Ben askerlik görevini yapmadığım için Ankara'dan çıkamıyordum.
HATKO Yaşar bu konuda bana yardımcı oldu. Bakanlıkta
gönderdiği kişi bana Adıgabze olarak hangi konuda
kaygılandığımı sordu. Anlattığımda bir çalışanını çağırıp
pasaportum ve diğer evrakları verdi, yapması gerekenler
konusunda talimat verdi. Çabucak yurtdışına çıkma izni ile
yeni pasaportu hazırlayıp bana getirdiler.
Adama memnuniyetimi söylerken, o beni kapıya kadar uğurladı '
milletinle, anadilini unutma. İyi oku' dedi.
Almanya, bana sevinmedi...
Almanya'ya giderken beni okutan profesör Vinfrid Buh'la
birlikteydik. Arabasıyla yola çıkmıştık. İki gün bir gecede
Haydelberg kentine ulaşmıştık. Pazar günüydü saat 5 olmuştu.
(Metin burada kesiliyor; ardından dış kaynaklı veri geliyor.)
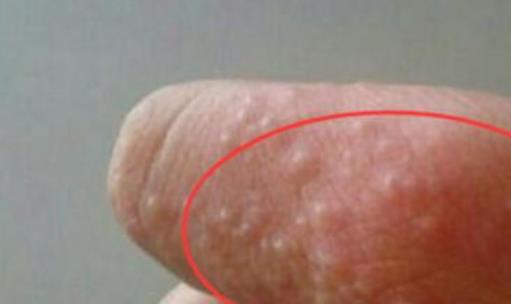 怎么預防手指長小水泡?手指脫皮的原因有哪些?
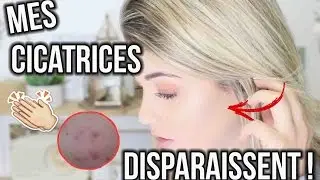 MES CICATRICES DISPARAISSENT !
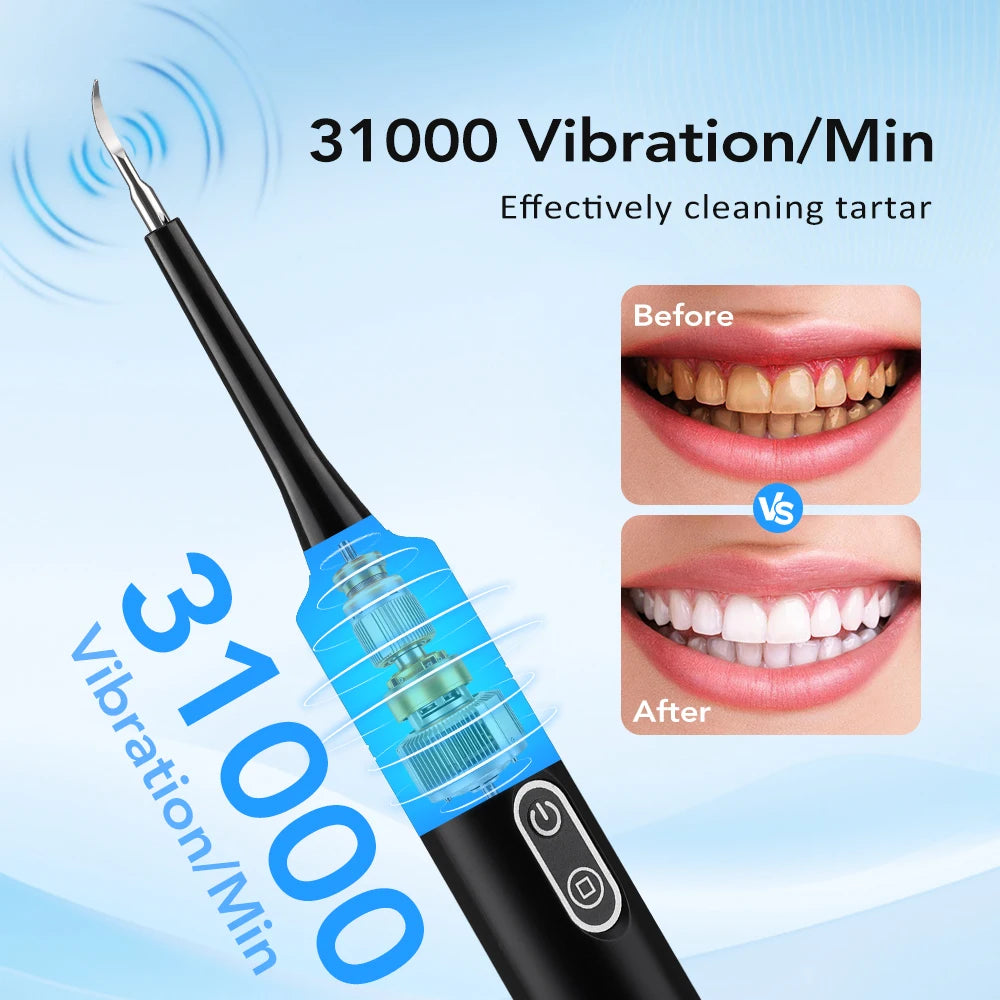 Precision Sonic Oral Care Wand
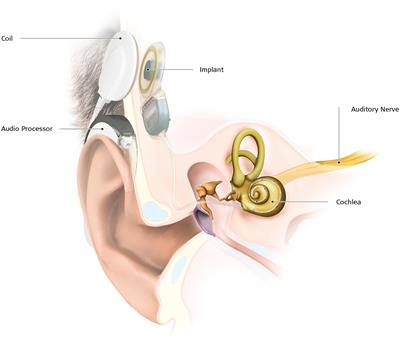 Brain Morphological Modifications in Congenital and Acquired Auditory Deprivation: A Systematic Review and Coordinate-Based Meta-Analysis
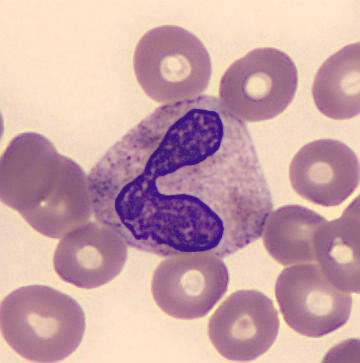 Neutrophil alphabet - L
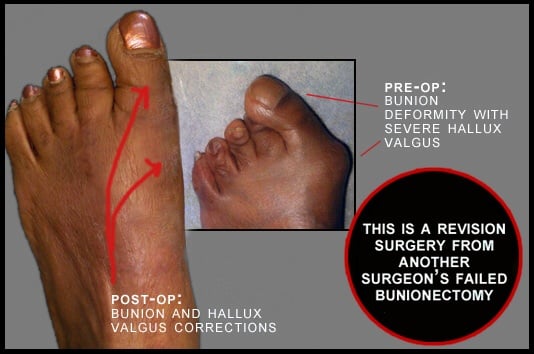 Before and after of a bunion and hallux valgus revision correcting a previous bunion surgery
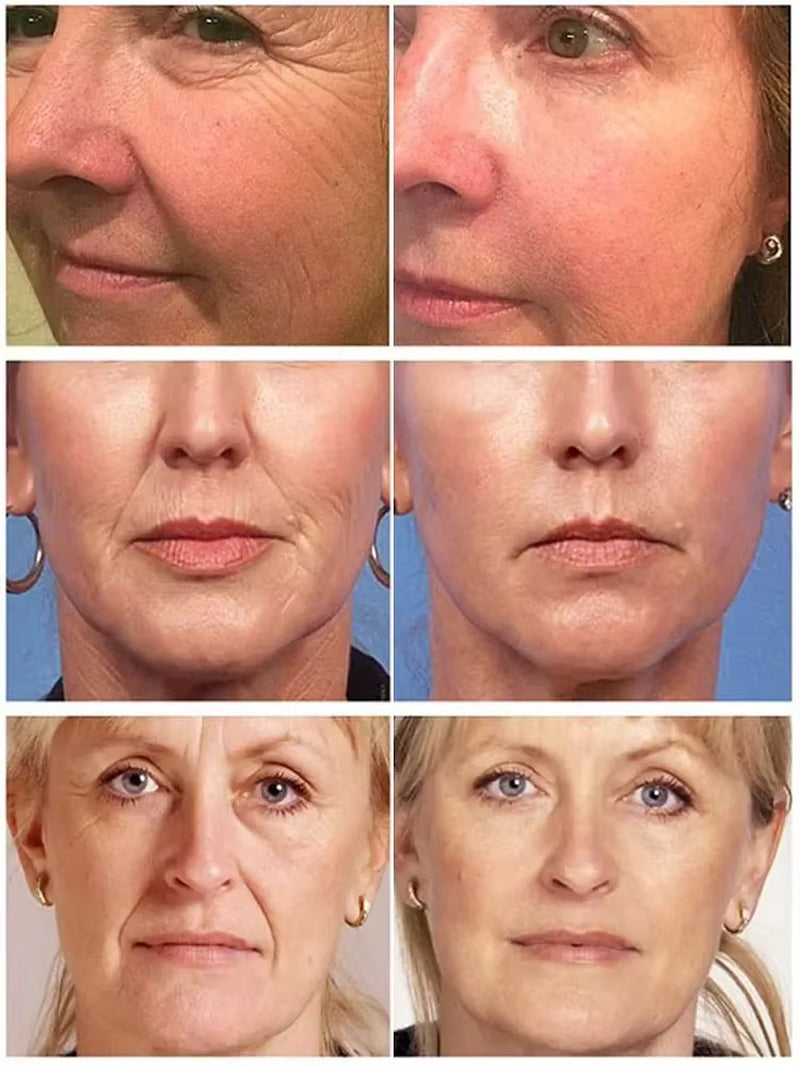 Wrinkle Remove Dragon Blood Cream Whitening Moisturizing Repair Cosmetics Anti-Aging Women Face Beauty Nourish Skin Care Product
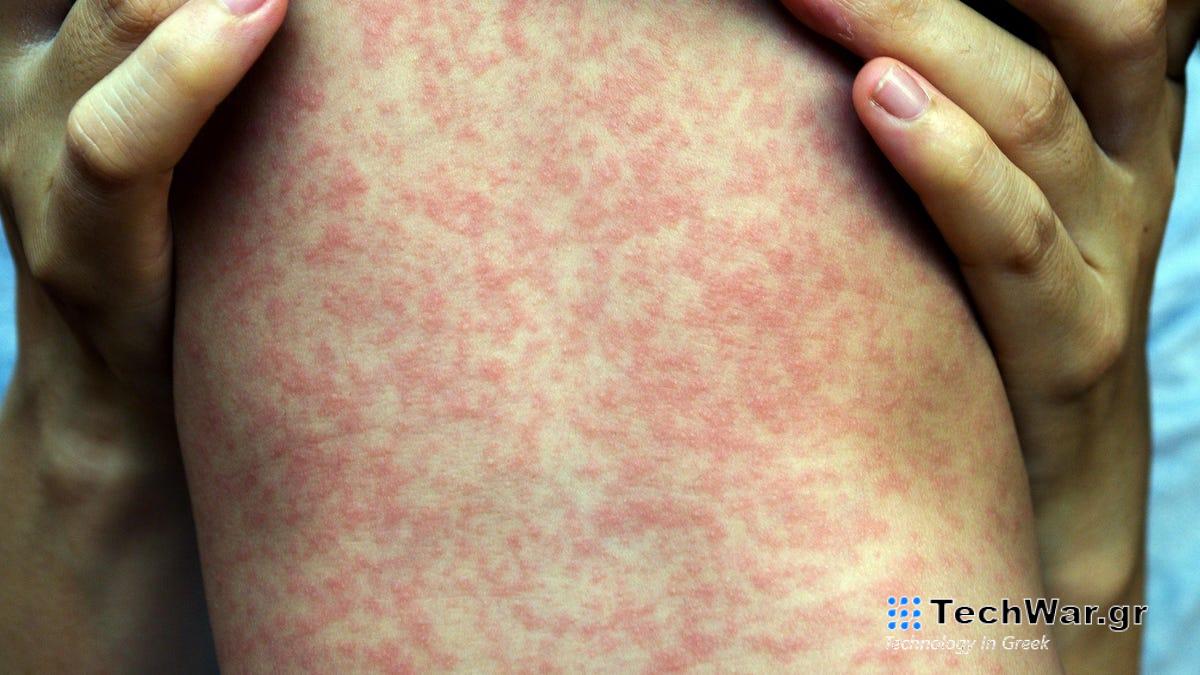 Η επιδημία ιλαράς του Philly χειροτερεύει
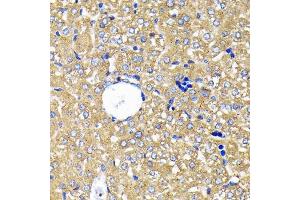 Immunohistochemistry of paraffin-embedded mouse liver using Leptin Receptor Rabbit mAb (ABIN7268210) at dilution of 1:100 (40x lens).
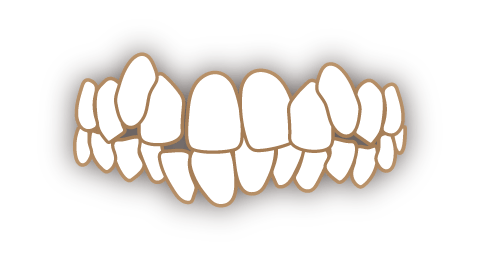 八重歯（叢生・乱杭歯）の歯並び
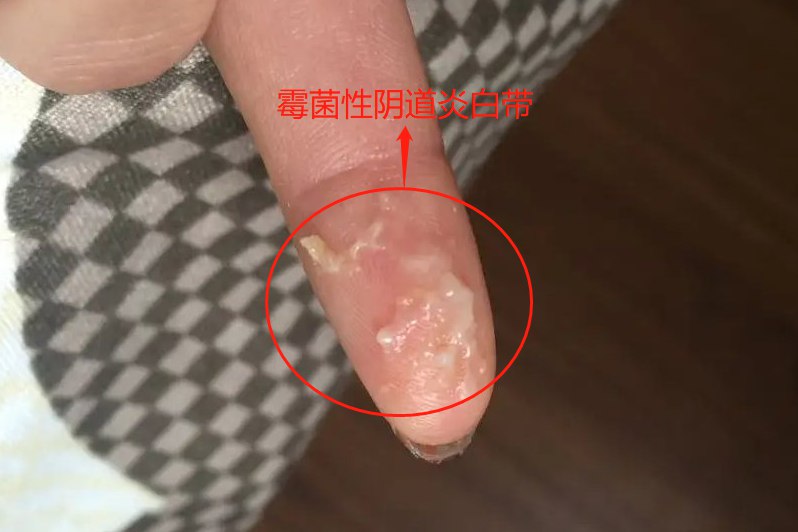 霉菌性阴道炎早期白带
Birbirimizden ayrılırken bana şöyle söylemişti; 'Senin gibi
ben de bu kentte yabancıyım. Sana sadece bir şey söyleyeceğim;
geldiğin yer başka bir ülke, Almanya. Birileri seni davet edip
bir şeyler yaptırmak için bulaştıklarında cevap vermek için
iyi düşün. Zorlukta göreceksin, enteresan şeylerde başına
gelecek'.
Dediği gibi de oldu. Karanlık oluyordu. Geceyi geçireceğim bir
otel bulmalıydım, ama yollarda insan yoktu. Valiz elimde
dolaşırken oteli gördüm. İçeri girip geceyi geçirip
geçiremeyeceğimi sorduğumda, ücret olarak söylediklerini
duyunca, artık hiç bir şey istemez hale geldim.
Elimdeki para on günden fazla yetmeyecekti. Yugendkerberg
oteline gidersem, burada öğrencilerden çok para almadıklarını
söyleyip beni çıkarttılar. Oteli buldum, fakat öğrenci
kimliğim olmadığını söylediğimde yurda gitmemin daha iyi
olduğunu söylediler.
Soğuktu, ellerim donuyordu. Kendi kendime 'Almanya'ya gelmek
isteyen sendin, şimdi yaşa' diyordum.
Durdurduğum taksiciye pahallı olmayan bir otele beni götürmesi
için yalvardım. Orada da yer yoktu, Starobergerske oteline
ulaştığımda gece yarısı olmuştu bu yüzden ücretin yarısını
aldılar.
Ne yapacağımı da nasıl yaşayacağımı da bilmiyordum. Yabancı
ülke beni gördüğü için keyiflenmemişti. İçine düştüğüm durumun
üstesinden gelmem için Ladmann ailesi yardımcı oldu. Önce
pahallı olmayan kalacak bir yer buldum, ardından işim de oldu.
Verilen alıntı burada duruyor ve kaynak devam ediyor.